В августе я уехал к Малявину. В Петербурге он женился на дочери генерала Савича, от которой имел дочь, лет трех. Они приобрели небольшое имение в нескольких верстах от станции Пущино Рязано-Уральской железной дороги. Малявин выстроил здесь деревянный дом с большой прекрасной мастерской, в которой много работал. Когда я приехал, то застал его в мастерской вместе с четырьмя или пятью бабами, разодетыми в цветные сарафаны. Бабы ходили по мастерской, а Малявин быстро зарисовывал их движения в огромный альбом. Он рисовал большими обрубками прессованного мягкого грифеля, которые откуда-то выписал. Чиня грифель в виде острого плоского долотца, он одновременно мог проводить им тончайшие линии и широкие жирные штрихи, сочетая контурную манеру с живописными эффектами светотени. В то время он только начинал рисовать цветными карандашами - прием, впоследствии им доведенный до высокого мастерства.
На мольберте у него стояла законченная большая картина, изображавшая баб, а у стен, стояло еще несколько холстов, также с фигурами баб. Зная, что я много возился с технологией красок, он просил меня дать ему какой-нибудь рецепт связующего вещества, поднимающий светосилу и интенсивность цвета, - он собирался сам тереть краски. Я дал ему рецепт, главными составными частями которого были: венецианский терпентин и копаловый лак, предупредив его, что успех зависит от правильности дозировки: слишком большой перевес терпентина может сделать краску почти несохнущей, почему его надо регулировать смолой - копалом, расплавленным в льняном масле.
На этом связующем веществе он стер краски, которыми с того времени стал писать все свои картины. Ими написан и "Вихрь" в Третьяковской галерее. Неумеренное количество венецианского терпентина, взятое Малявиным в связующем веществе, превратило красочное тесто этой картины в массу, до сих пор не затвердевшую, в жаркие летние дни распускающуюся и даже грозящую прийти в движение. Но яркость красок, их блеск, действительно, изумительны, оставляя далеко позади яркость простых масляных красок.
Владея хорошо рисунком и чувствуя форму, Малявин позволял себе роскошь таких фокусов и трюков, на которые немногие способны. Так, картина, которая стояла у него на мольберте - три толстолицых бабы, - была начата им без рисунка и без какой-нибудь наметки композиции, прямо красками по чистому холсту, притом с глаза одной из этих баб.

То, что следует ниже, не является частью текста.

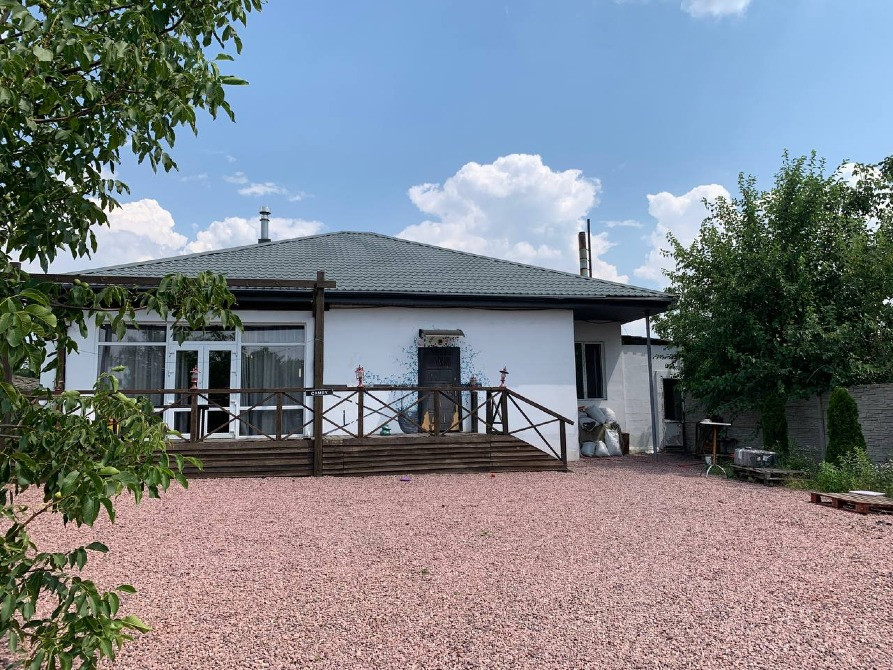 Продам просторий будинок 1 поверх Мирний Богдана Хмельницького Дніпро Днепр - изображение 11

Я пробыл у Малявина несколько дней, в течение которых мы, конечно, только и говорили что о живописи, лишь изредка прерывая эти беседы рыбной ловлей, в которой ничего не понимали: мы были горе-рыболовами. Зато тем неистовее спорили об искусстве. Малявин меня убеждал бросить писать пейзажи:
- Как же ты не понимаешь, что после Левитана нельзя уже писать пейзажа. Левитан все переписал и так написал, как ни тебе, ни другому ни за что не написать. Пейзажу, батенька, крышка. Ты просто глупость делаешь. Посмотри, что за пейзажи сейчас на выставках? Только плохие подделки под Левитана.
Как я ему ни доказывал, что ни пейзаж, ни портрет и вообще ничто в живописи не может остановиться, а будет расти и эволюционировать, то понижаясь, то вновь повышаясь, он стоял на своем. Так мы на том и расстались.